Si loin, si proches

Bon. Imagine, d’un côté on a Sylvie, Katia, Nicole et Marion. Sylvie, elle est pas très sympa. Enfin quand je dis « pas très sympa », je veux dire qu’elle fait systématiquement une tronche à te décourager de lui demander l’heure. Katia et Nicole, ça va, elles sont cool. Même si Katia est taiseuse, mais ça c’est parce que la vie lui a mis tellement de baffes qu’elle passe beaucoup de temps à méditer sur la meilleure façon de les rendre. Apparemment, elle n’a pas encore trouvé.

Katia et Nicole sont belles-sœurs, et copines avec Sylvie depuis qu’elles ont 3 ans : elle se sont toutes rencontrées à l’école maternelle, et puis Nicole a épousé le frère de Katia, alors forcément ça renforce les liens. Katia, elle, n’est pas mariée mais elle vit à la colle avec l’ex-mari de son ancienne patronne, qui tenait l’agence immobilière où Katia a bossé pendant 9 ans.

Sylvie, pour sa part, s’est mariée une première fois avec un mec pas d’ici, un frimeur qui habitait trois patelins plus loin (un étranger, quoi).

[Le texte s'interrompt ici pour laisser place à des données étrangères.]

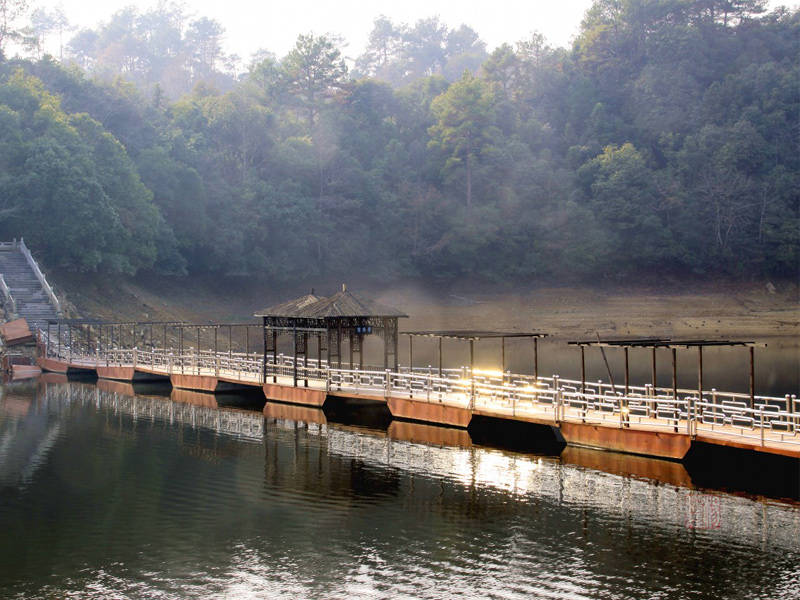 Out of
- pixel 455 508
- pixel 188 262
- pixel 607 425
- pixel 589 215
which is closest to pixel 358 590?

Elle a divorcé au bout de 6 ans :  malgré sa belle gueule il picolait un peu trop, et surtout il n’allait gratter la porte de l’agence intérim pour bosser que quand ça lui chantait, c’est-à-dire pas trop souvent.

Alors elle a préféré se barrer avant qu’il ne lui colle un dossier de surendettement sur le dos, même si après le divorce elle a passé 4 ans à bouffer de la poussière, surtout que Marion était encore petite. Enfin maintenant, ça va mieux : elle a pu faire une formation et elle a monté une petite boîte de services à la personne, qui tourne plutôt pas mal. Ces dernières années la demande dans ce domaine est en constante augmentation et il y a largement de quoi faire bosser toutes les femmes du secteur, pour peu qu’elles acceptent des temps partiels et morcelés, payés au minimum. Enfin c’est ça ou rien, et puis les horaires sont à peu près aménageables, ce qui permet de gérer les gosses. Une fois sa boîte lancée, Sylvie s’est mise avec Fabien, le frère du meilleur pote du mec de Katia.

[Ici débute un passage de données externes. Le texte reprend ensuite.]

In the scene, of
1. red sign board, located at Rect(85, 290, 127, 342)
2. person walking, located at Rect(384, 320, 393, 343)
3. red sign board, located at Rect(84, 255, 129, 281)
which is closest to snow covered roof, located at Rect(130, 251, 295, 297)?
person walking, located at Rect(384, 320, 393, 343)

Fabien, c’est vraiment est un mec en or. Bosseur, gentil et pas vilain, la crème des bonhommes. Sans compter qu’il a élevé Marion comme si c’était sa propre fille, et qu’il est jamais le dernier à se lever de table pour débarrasser. Il aurait bien aimé que Sylvie accepte d’avoir un deuxième enfant, mais elle dit qu’elle en a trop bavé, et que ça lui aurait fait un tas de boulot en plus.

Nicole est prof de français. Pour elle, ça roule bien. Fred, son mari, a réussi : ils ont une belle maison, pleine de vie et du joyeux bazar que leurs trois enfants y mettent. Lui, il aide pas mal à la maison. Elle, c’est une fée du logis.

Alors Sylvie, Katia, Nicole, Marion, et puis l’ex-mari de Sylvie, Fabien, Fred, les enfants, tout ça c’est un univers. Pour bien visualiser le contexte, il faut y ajouter la campagne, la première grande ville à plus de 20 km, et la bonne entente un peu machinale des gens qui ont grandi ensemble et se sont construit des souvenirs communs, en parallèle des petites rancoeurs et des amitiés, et qui ont parfois suivi des chemins différents mais se retrouvent sur les fondamentaux, en général autour du barbecue, avec les femmes qui bavardent et plaisantent dans la cuisine pendant que les mecs s’occupent de faire griller les merguez en se resservant un deuxième apéro.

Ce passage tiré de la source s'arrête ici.